Data extract:
+ + + + + + +

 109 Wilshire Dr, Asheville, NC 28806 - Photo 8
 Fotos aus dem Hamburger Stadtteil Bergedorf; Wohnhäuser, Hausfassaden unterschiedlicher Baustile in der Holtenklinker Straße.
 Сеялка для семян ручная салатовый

+ + + + + + +

Your objective:
Copy out the data shown above without altering anything.

Solution:
 109 Wilshire Dr, Asheville, NC 28806 - Photo 8
 Fotos aus dem Hamburger Stadtteil Bergedorf; Wohnhäuser, Hausfassaden unterschiedlicher Baustile in der Holtenklinker Straße.
 Сеялка для семян ручная салатовый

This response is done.